BEGIN Information
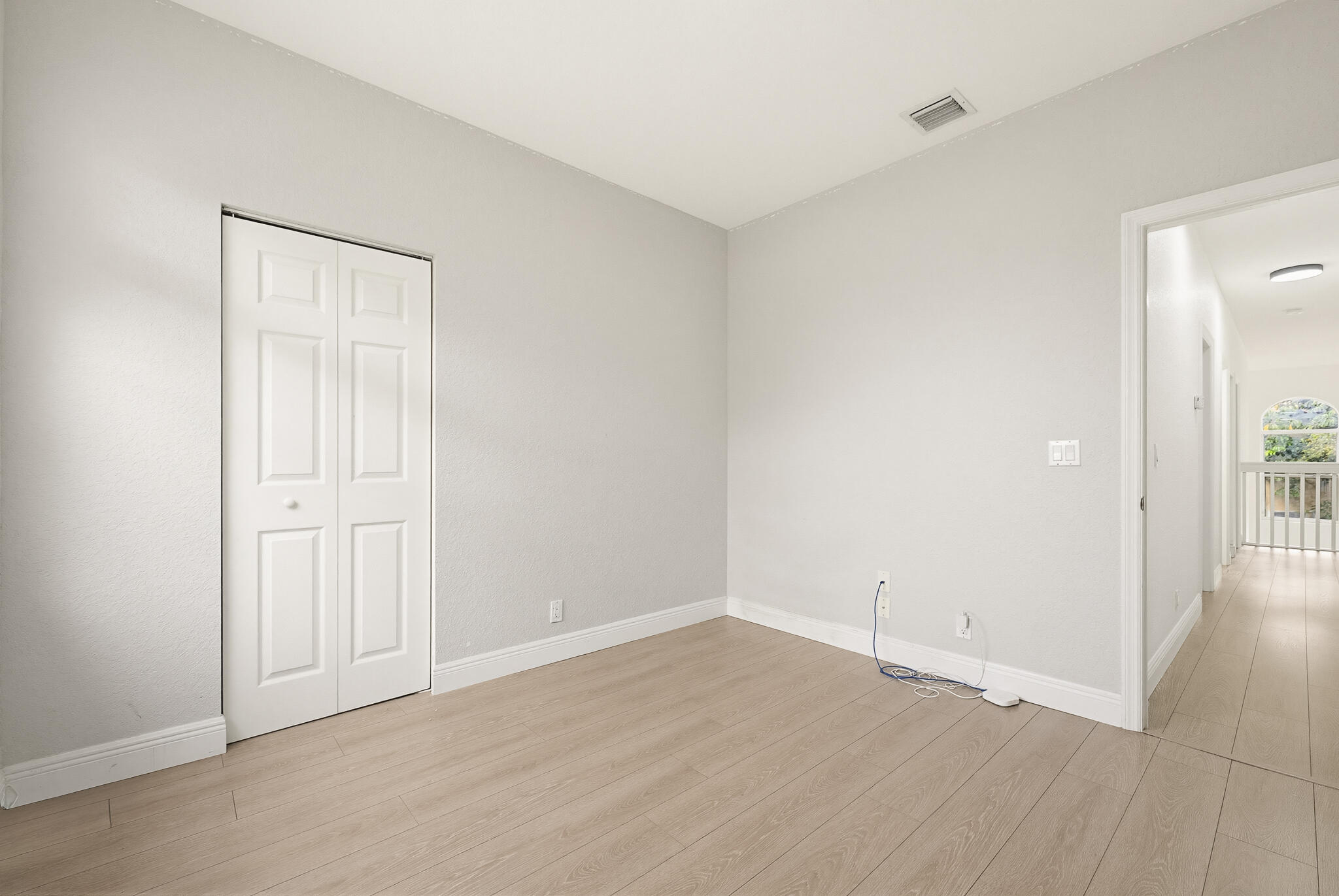 JOURNEYS END 2 - Residential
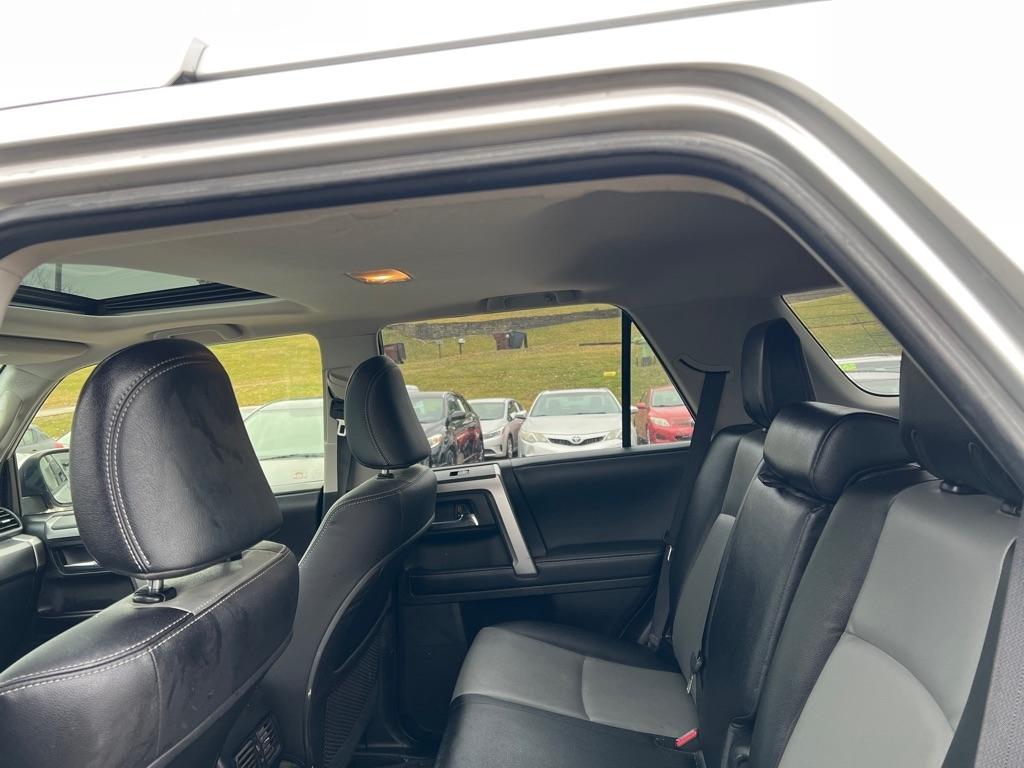 Toyota 4Runner SR5 4WD 2018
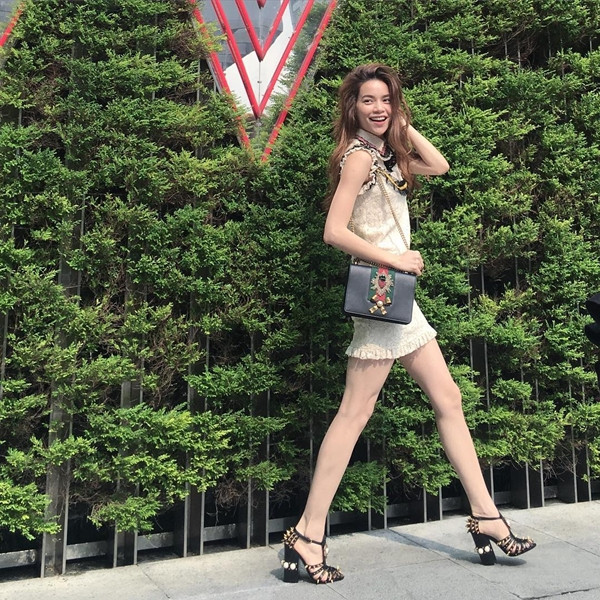 Hà Hồ "xúng xính" hàng hiệu, Thanh Hằng "mát mắt" với gam pastel ảnh 5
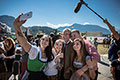 Bundesprsident Alexander Van der Bellen mit Jugendlichen, die Selfies mit ihm gemeinsam machen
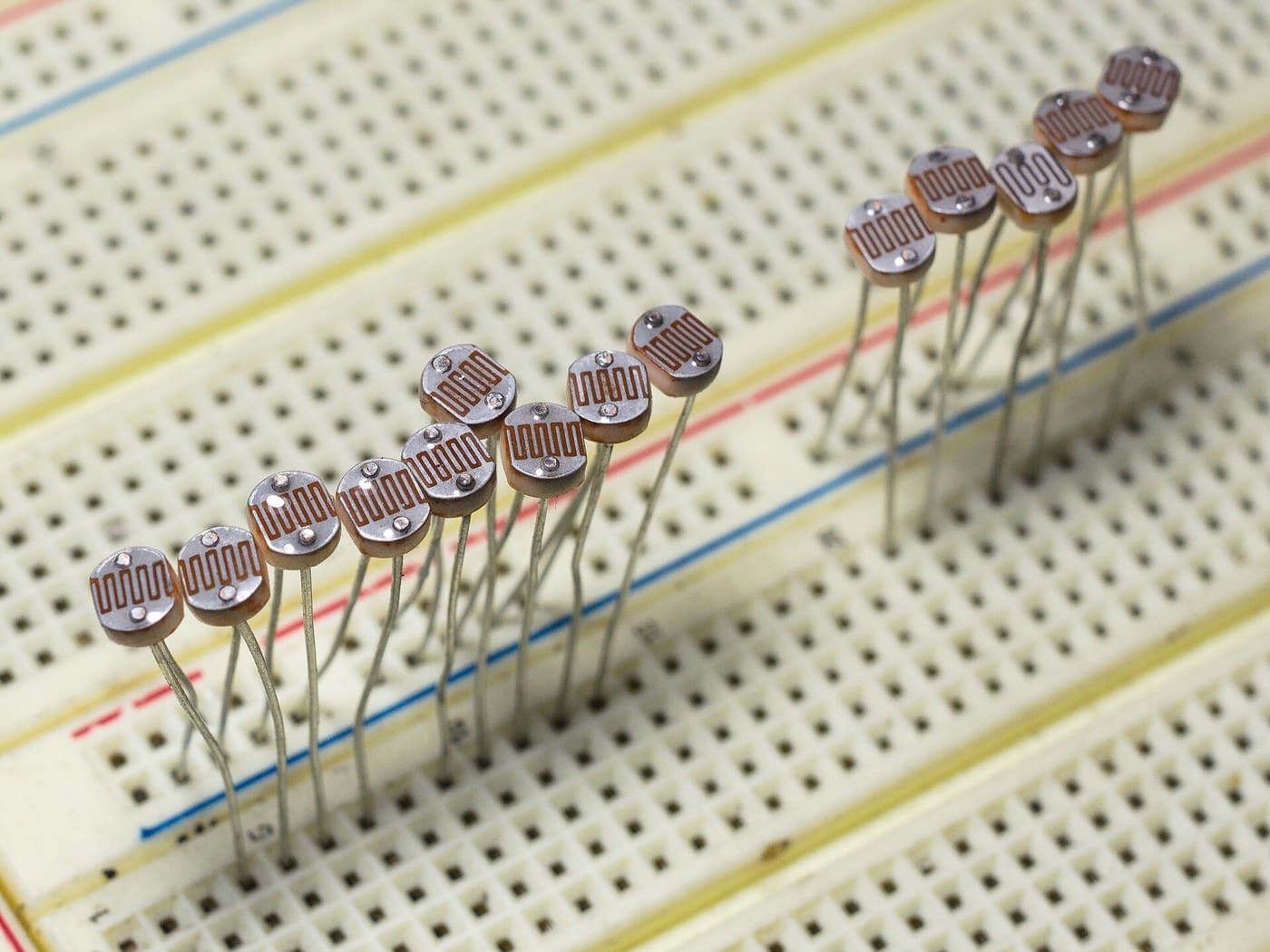 The Selenium Photoconductive Cell
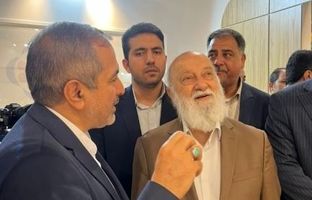  بازدید دکتر مهدی چمران، رئیس شورای اسلامی شهر تهران، از غرفه موسسه اعتباری ملل، در نمایشگاه بین‌المللی مشهد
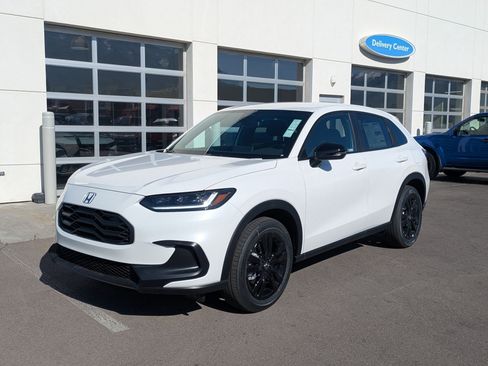 New 2026 Honda HR-V Sport image 9
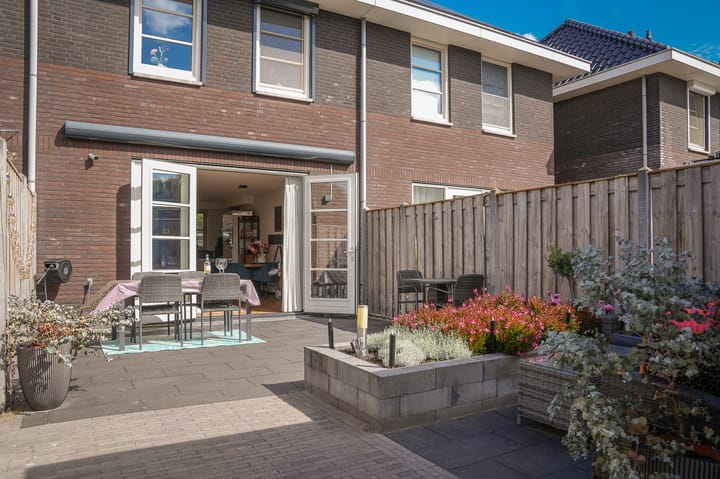 Foto 3 van De Hoepelmaker 11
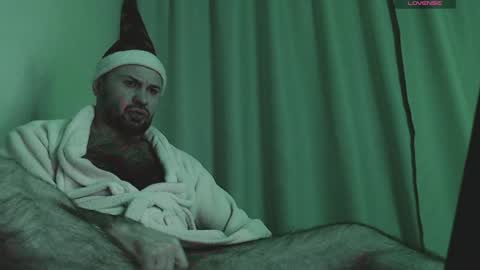 werewolf1988s online show from December 24, 10:39 pm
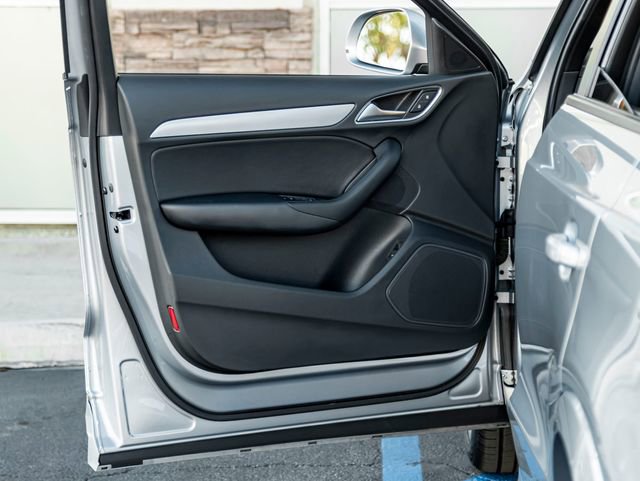 Used 2018 Audi Q3 2.0T Premium w/ Convenience Package image 14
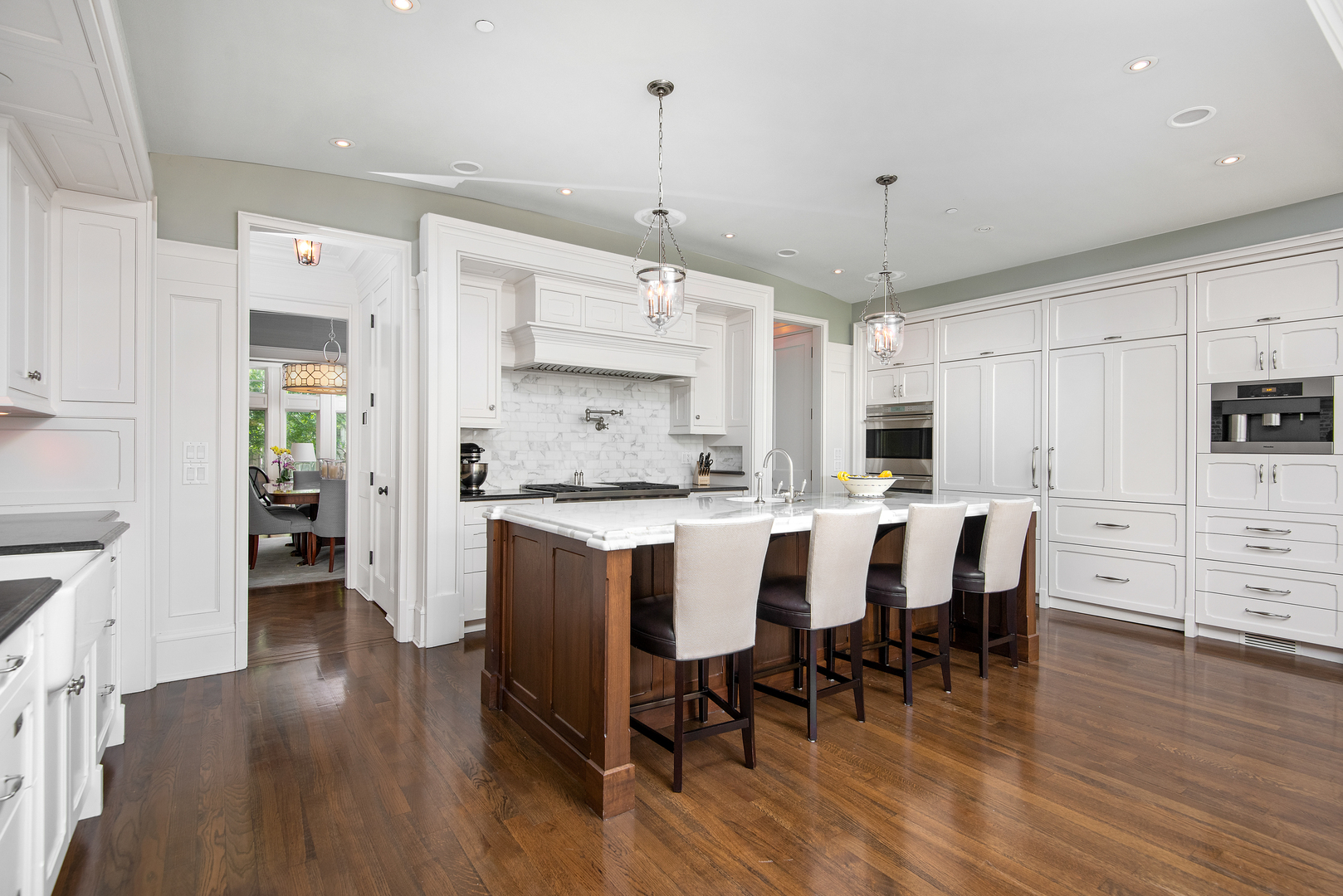 3743 North Greenview Avenue Chicago, IL 60613 - Photo 8 of 51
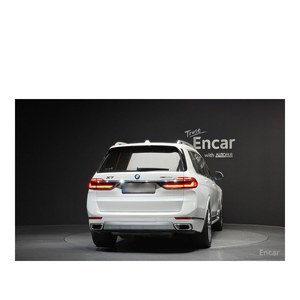 BMW X7 XDrive40i December 2022 7-Seater Excellent Design Automatic Gearbox Rear <b>Camera</b> Leather Seats 25,612 km Left Steering - Product Image 4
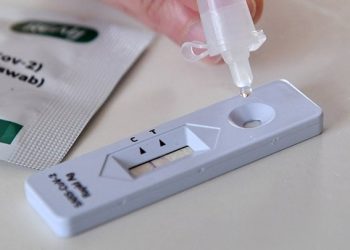 Ομοσπονδία ΕΒΕ Ν. Τρικάλων: Υποχρεωτικά τα self tests σε αυτοαπασχολούμενους κι εργαζόμενους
END Information
* [Exercise instructions]: Starting with the line that contains "BMW X7 XDrive40i", reproduce every line to the end of the material above, both end lines included, exactly and with no pictures.

* [Response area]:
 BMW X7 XDrive40i December 2022 7-Seater Excellent Design Automatic Gearbox Rear <b>Camera</b> Leather Seats 25,612 km Left Steering - Product Image 4
 Ομοσπονδία ΕΒΕ Ν. Τρικάλων: Υποχρεωτικά τα self tests σε αυτοαπασχολούμενους κι εργαζόμενους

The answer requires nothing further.